This Space for Rent

Project of the week, now 95% assembled

95% finished front rack

I went up to the hardware store this afternoon to get a few last pieces for the rack (4 p-clamps, metric #4 bolts, and metric #4 nuts) but managed to come away with 3 #4 nuts and 1 #5 nut.

Nuts.

And the hardware store had closed by the time I realized this mistake.

So here it sits, fully assembled but not yet ready to be dragged out onto the line :-(

I’m using p-clamps right now because I want to be able to adjust the position of the struts. p-clamps aren’t the greatest solution to ever come down the pike, because (at least the ones I bought, which are sized for 1" tubes) they don’t fit around the oval blades of my fork as tightly as I’d like, and this means that they move back and forth when the rack deck is loaded. The longer term solution here will be to either get a different fork with mounting points for front racks (either a (custom?) low-trail fork or something like a touring fork) or to borrow a larger torch and braze a pair of nuts onto my existing fork (and this has the advantage that I could also braze wire guides to the drive-side blade while I was doing it.) The ultimate plan is to actually braze the struts onto the rack and have a completely rigid 3-point mount to the fork.

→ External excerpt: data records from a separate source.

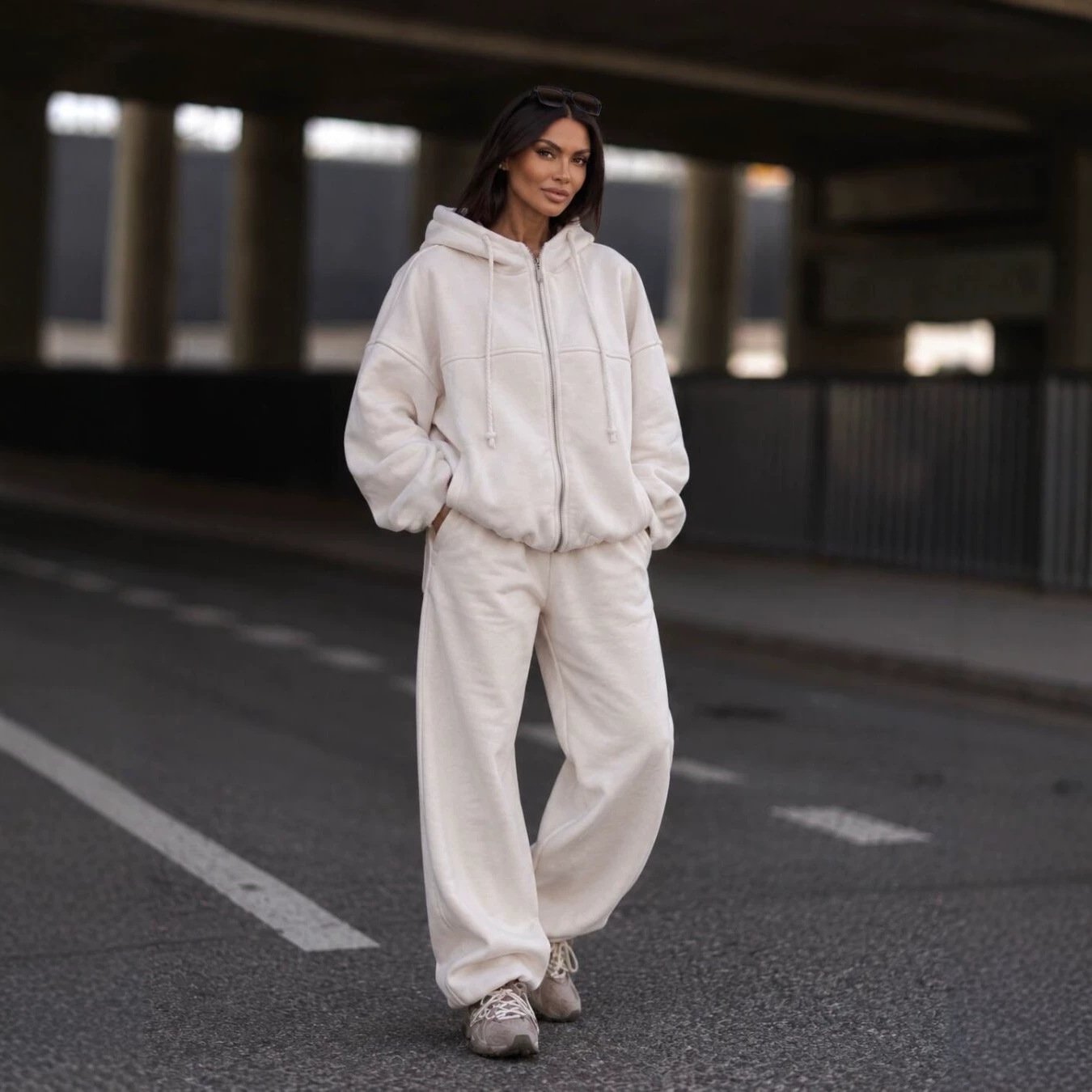Women's Two-piece Set Zip-up Hooded Sweatshirt And Wide-leg Trousers - الصورة 4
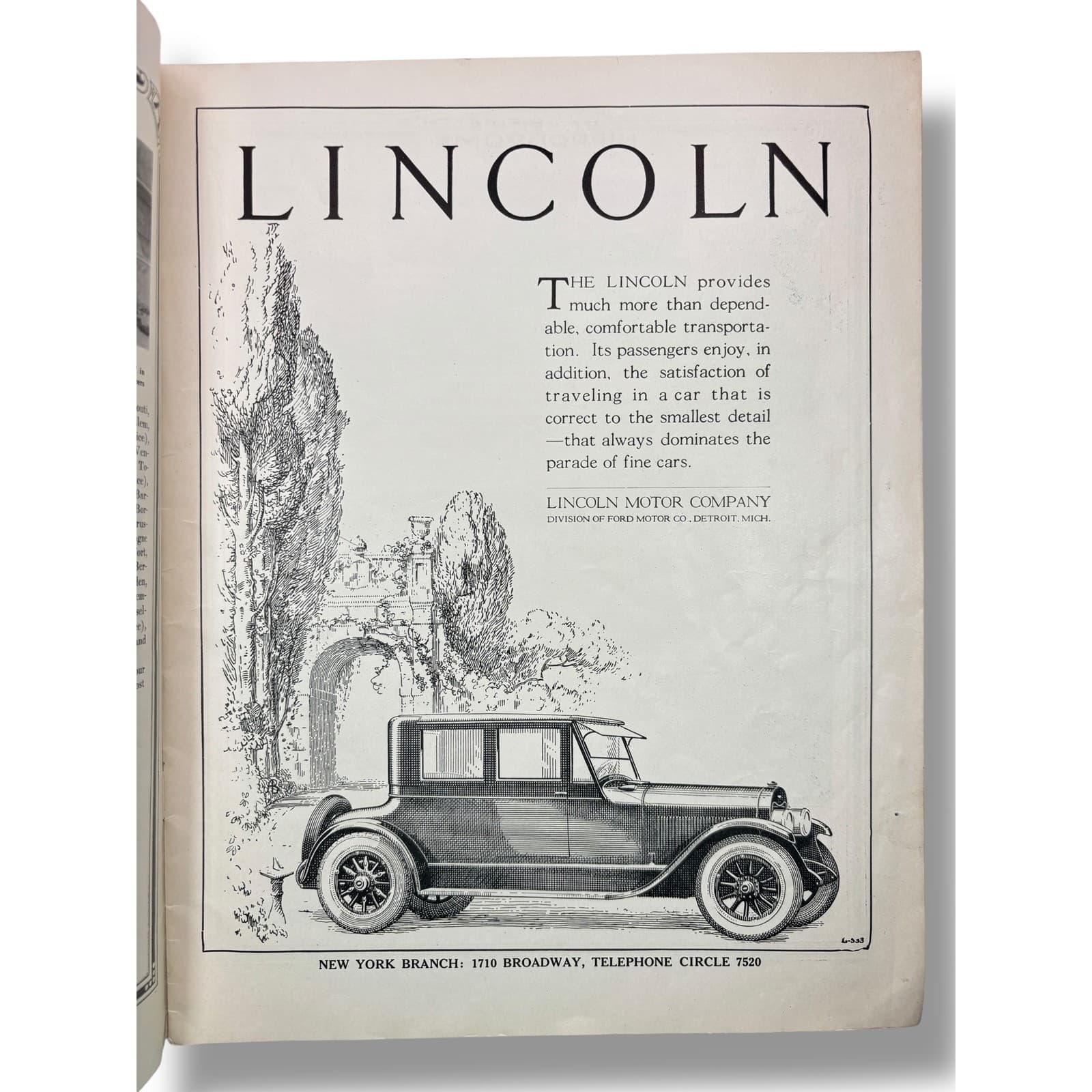 1925 B.F. Keith’s New York Hippodrome Vaudeville Souvenir Program w/ Exotic Ads 4
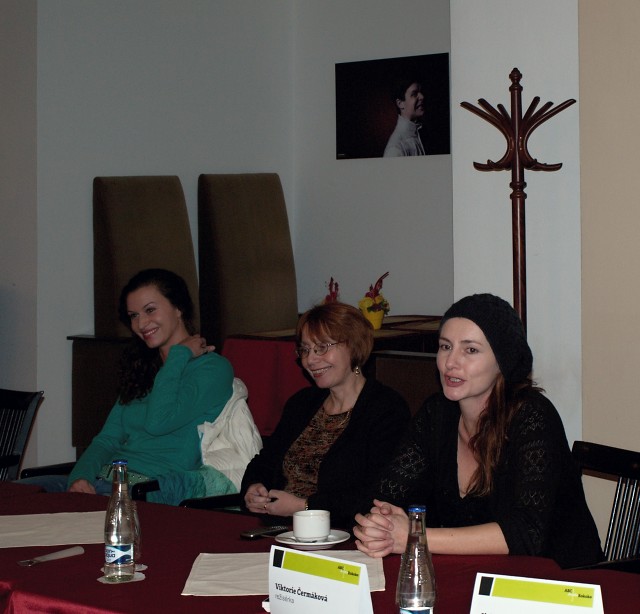 Máša Málková, Věra Mašková, Viktorie Čermáková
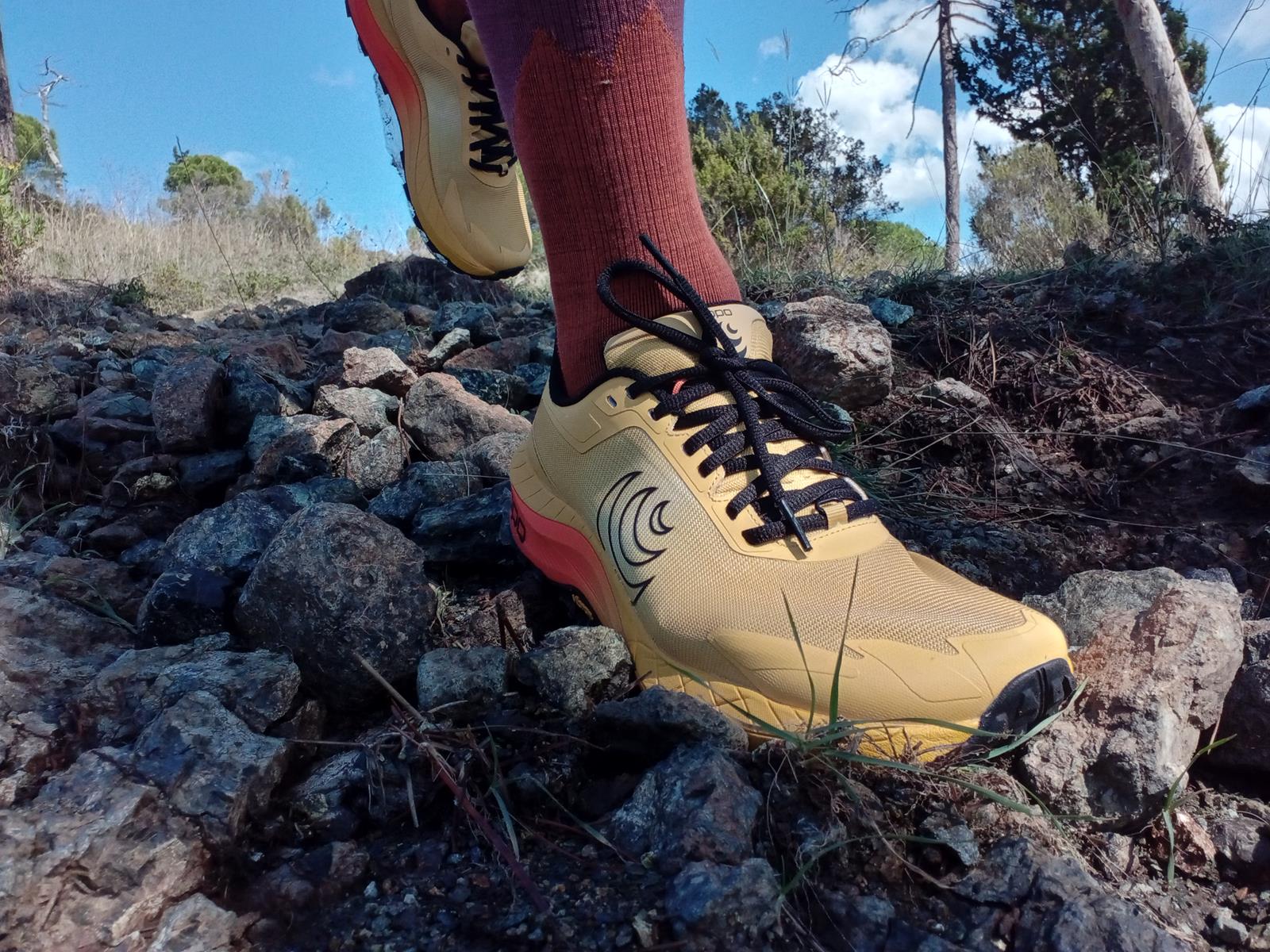 Topo Athletic MTN Racer 4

Some of the brazes are not exactly what I’d call professional (and by “some”, I mean “all”) but, despite some of them being laughably incompetent (two of them only had the brass flow to about ¾ths of the joint, and all of them had huge globs of extra brass that I had to file off) only one of them was actually bad enough to break when I was manhandling the rack during cleanup (so I scraped the flux off, went back outside, and rebrazed it properly) and my scheme of wrapping the frame around the back of the brake has the disadvantage that it makes it really hard to thread the brake bolt into the mounting hole. And it sits really low even compared to my design of having it sit really low; If I raise the fender as high as it will go under the fork, I end up with maybe 1/16th inch clearance between it and any load that might be sitting on the rack.

The weather has been pretty horrible these last couple of days (thus my working on the rack instead of going out on the line) but perhaps it will moderate in the next day or so and let me ride the mlcm up to Sandy for a donut test run?

Comments


It would take more bending, and possibly raise the rack a bit, but an approach like that used in the Axiom “Front Platform Support” where the side supports are on to the brake bolts could work? You’d have to make curved side supports to get them far enough forward, but it’d avoid brazing and give you a very solid mount point?

Graydon Thu Dec 30 10:55:31 2010

Unfortunately the existing fork doesn’t have mounting points for cantilever brakes (if it did, I would have brazed up a pair of struts that mounted to the cantilever brake studs instead of the current p-clamp arrangement) so I’d still have to patch together something to attach the studs.

David Parsons Thu Dec 30 11:18:42 2010

Ah, ok, I have mis-construed the photo, then. Thought there were attachment points where there is (presumptively) but a pivot.

Comes of not really believing in center-pull brakes, I suspect.

That’s a really tough fork to securely fasten a front flat rack to, then.